Gedung terminal ini juga dilengkapi konsruksi sacrifice column atau kolom dikorbankan ketika tsunami menerjang. Letaknya ada di sisi terminal namun dalam konstruksi tersendiri. Kolom ini membantu menggemboskan energi hempasan gelombang yang bersifat destruktif sebelum mencapai fisik terminal. Jadi, efek hempasan itu tidak merusak konstruksi terminal dan penumpang di dalamnya aman.

“Saat ini, masih mengkaji lebih komplet struktur itu dan merumuskan bentuk berupa gedung atau justru hanya tembok,” kata Taochid.

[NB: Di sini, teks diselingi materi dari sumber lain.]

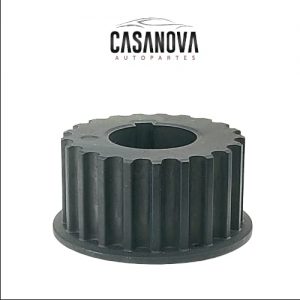 Piñón de Cigüeñal para Toyota Tercel 2E 1.5L marca Nakamoto OEM 13521-11010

Budi Karya Sumadi, Menteri Perhubungan yakin, NYIA sudah memperhitungkan dengan skala gempa dan tsunami yang besarmengacu hasil kajian ahli terhadap struktur bandara di Kulon Progo.

Potensi tsunami, merupakan salah satu risiko yang diantisipasi dalam pembangunan bandara.

 

Spanduk protes menolak bandara di Palinan, Kulon Progo. Foto: Nuswantoro/ Mongabay Indonesia

 

Pemerintah, kata Budi, telah menunjuk para ahli dari Institut Teknologi Bandung (ITB), UGM, bahkan Jepang, untuk mengantisipasi dampak tsunami dengan skala besar serta menyiapkan mitigasi bencana. Salah satu upaya mitigasi, katanya, dengan membangun lantai terminal bandara rentang ketinggian mencapai delapan meter. Tujuannya, agar para penumpang bisa naik saat tsunami.

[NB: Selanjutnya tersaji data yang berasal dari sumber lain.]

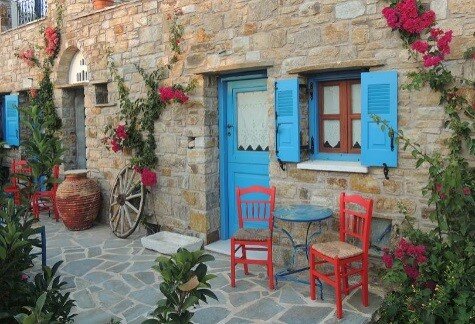 🍴 Naxian Cooking Experience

Di kawasan tepi pantai juga akan ditanami pepohonan dan dibuat gundukan untuk menghalangi ombak tsunami saat menjangkau bandara.

“Jadi tsunami, Insya Allah, sudah kami mitigasi, baik struktur maupun bandara itu berjalan,” kata Budi.

Tri Budi Utama, Ketua Tranformasi Cita Infrastruktur (TCI) mengatakan, ada empat target pengurangan dampak dalam pembangunan mitigasi ini yaitu kematian akibat bencana, jumlah penduduk terdampak bencana, jumlah kerugian akibat bencana, dan kerusakan infrastruktur.

Menurut dia, bukan hanya infrastruktur di tepi pantai yang dibangun juga bangunan gedung terminal harus dirancang “ramah” tsunami sekaligus berfungsi sebagai bangunan shelter dan evakuasi.

Dia mengusulkan, model atau skenario mitigasi tsunami untuk bandara dengan membangun sand dune atau bukit pasir dan ditanam cemara udang. “Sementara yang paling efektif, model ini. Kami ada beberapa model namun biaya cukup besar,” katanya.

Tri menambahkan, model itu merupakan sistem gali timbun untuk membuat bukit hutan cemara dengan tanah dari pasir sebelumnya. Cekungan karena penggalian bisa untuk penampungan air bersih yang menghubungkan Sungai Serang di timur bandara dan Sungai Bogowonto, di barat bandara. Kawasan di cekungan ini juga bisa maksimal sebagai sarana olahraga dan pariwisata seperti golf.

“Dengan perkiraan investasi Rp50 miliar, kami perkirakan konsep ini akan memberikan keuntungan lebih Rp6,3 miliar pertahun.”

Sebelumnya, Halik Sandera, Direktur Eksekutif Walhi Yogyakarta mengatakan, pembuatan analisis mengenai dampak lingkungan (amdal) NYIA tertutup, tanpa melibatkan pihak terdampak. Pembangunan bandara juga tak sesuai tata tuang, dan amdal juga tak memuat kajian risiko tsunami utuh dan lengkap.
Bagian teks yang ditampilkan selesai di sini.